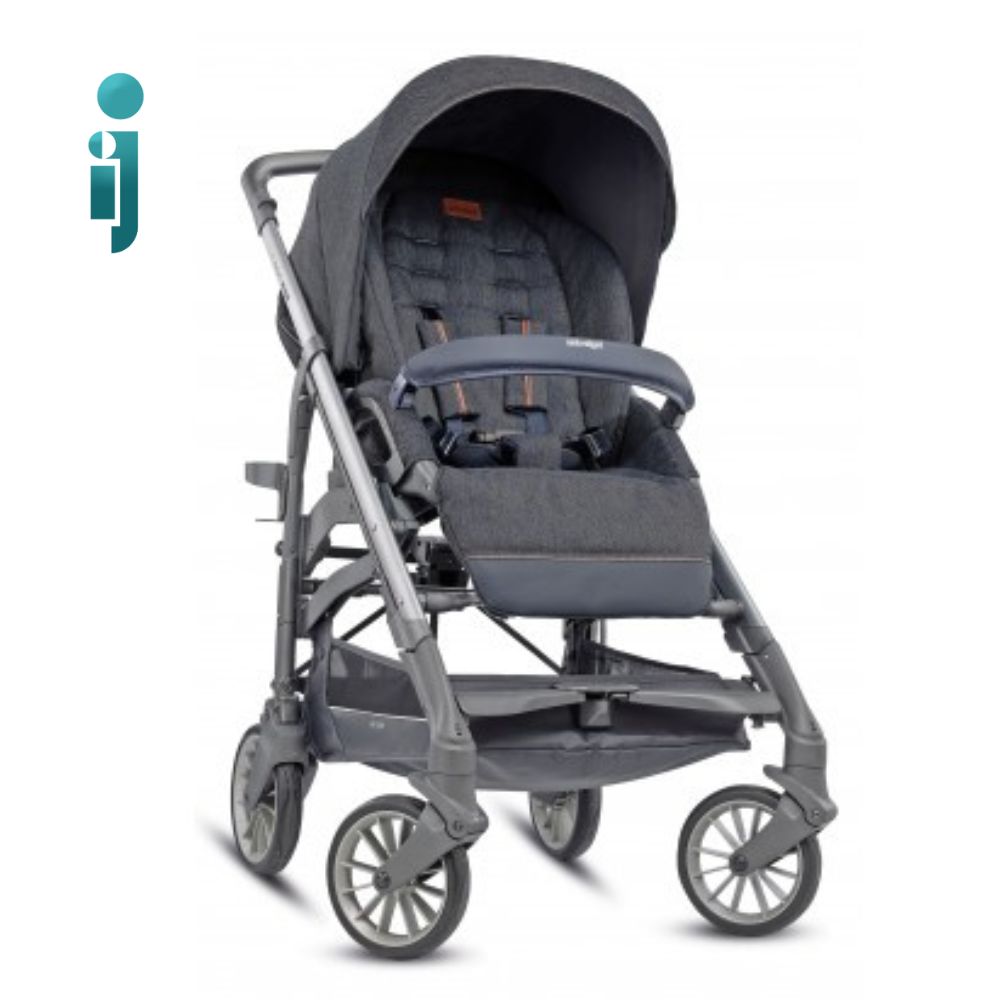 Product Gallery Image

+--

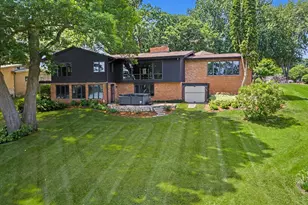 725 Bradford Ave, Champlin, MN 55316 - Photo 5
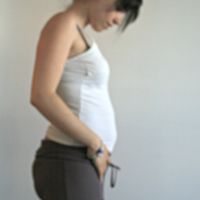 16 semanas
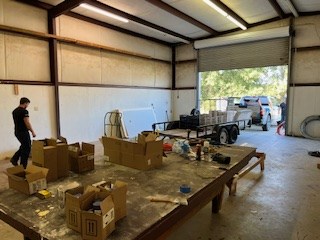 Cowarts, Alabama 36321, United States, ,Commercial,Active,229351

+--

*DESCRIPTION OF THE TASK*
Beginning with the line above that contains "725 Bradford Ave, Champlin, MN" and ending with the line that contains "Cowarts, Alabama 36321, United", quote each line exactly, keeping out the pictures.

*ANSWER SECTION*
 725 Bradford Ave, Champlin, MN 55316 - Photo 5
 16 semanas
 Cowarts, Alabama 36321, United States, ,Commercial,Active,229351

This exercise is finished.